## Material shown
★ ★ ★ ★ ★ ★ ★

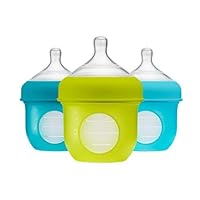 Boon Nursh Reusable Silicone Baby Bottles with Collapsible Silicone Pouch Design - Everyday Baby Essentials - Stage 1 Slow Flow Baby Bottles - Blue - 4 Oz - 3 Count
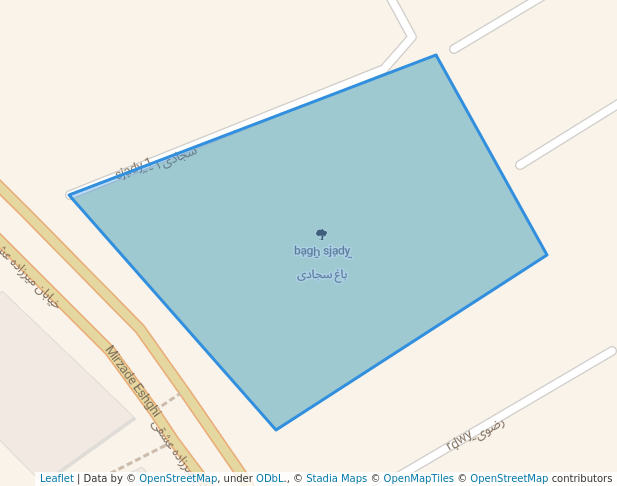 walking in باغ سجادی map in Hamedan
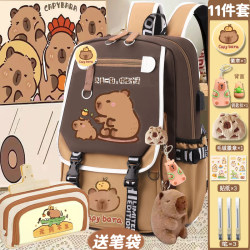 Children's Schoolbag Kapibara Large Capacity Junior High School Girls Elementary School Boys Lightweight Cute Backpack Girls Children's Schoolbag Kapibara Large Capacity Junior High School Girls Elementary School Boys Lightweight Cute Backpack Girls
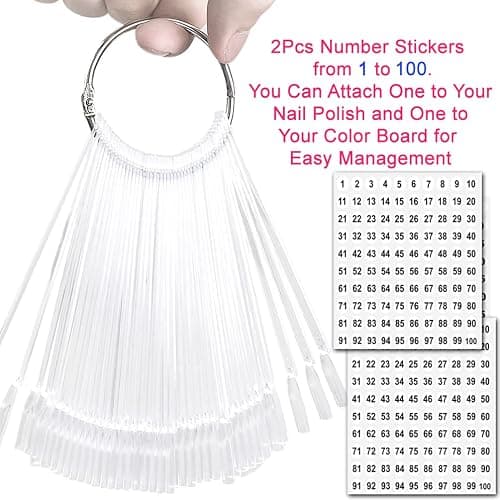 JASSINS 100 Pcs Clear Fan-shaped False Nail Swatch Sticks Nail Polish Practice Display Art Tips Nail Sample Sticks With Metal Split Ring thumbnail 3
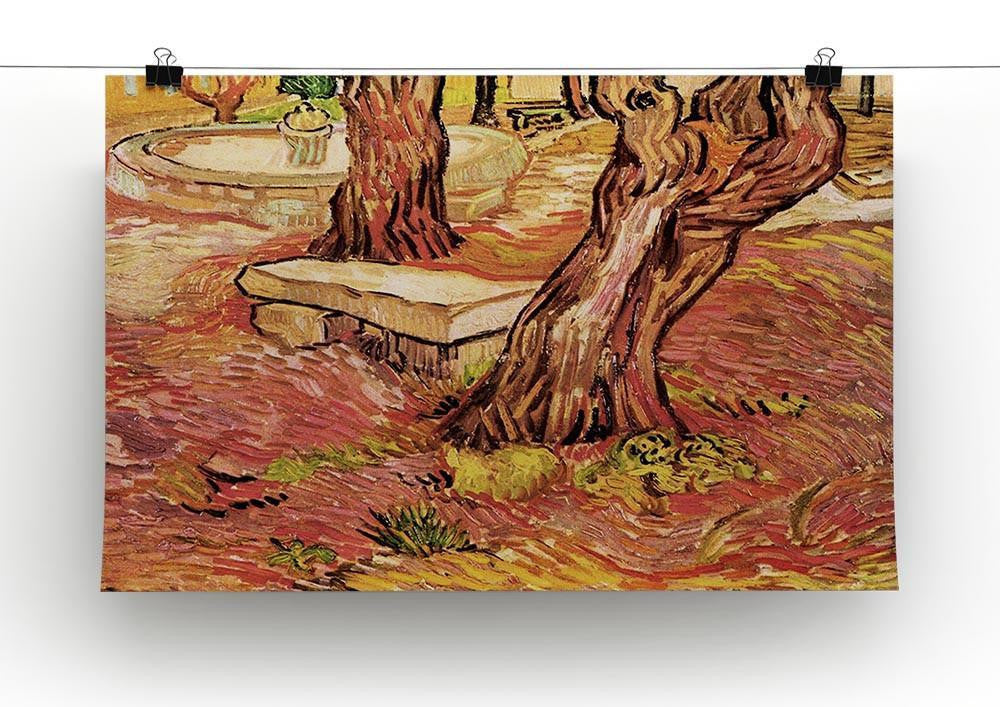 The Stone Bench in the Garden of Saint-Paul Hospital by Van Gogh Canvas Print & Poster - Canvas Art Rocks - 2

★ ★ ★ ★ ★ ★ ★

## Prompt
Reproduce each entry exactly, without the pictures.

## Written response
 Boon Nursh Reusable Silicone Baby Bottles with Collapsible Silicone Pouch Design - Everyday Baby Essentials - Stage 1 Slow Flow Baby Bottles - Blue - 4 Oz - 3 Count
 walking in باغ سجادی map in Hamedan
 Children's Schoolbag Kapibara Large Capacity Junior High School Girls Elementary School Boys Lightweight Cute Backpack Girls Children's Schoolbag Kapibara Large Capacity Junior High School Girls Elementary School Boys Lightweight Cute Backpack Girls
 JASSINS 100 Pcs Clear Fan-shaped False Nail Swatch Sticks Nail Polish Practice Display Art Tips Nail Sample Sticks With Metal Split Ring thumbnail 3
 The Stone Bench in the Garden of Saint-Paul Hospital by Van Gogh Canvas Print & Poster - Canvas Art Rocks - 2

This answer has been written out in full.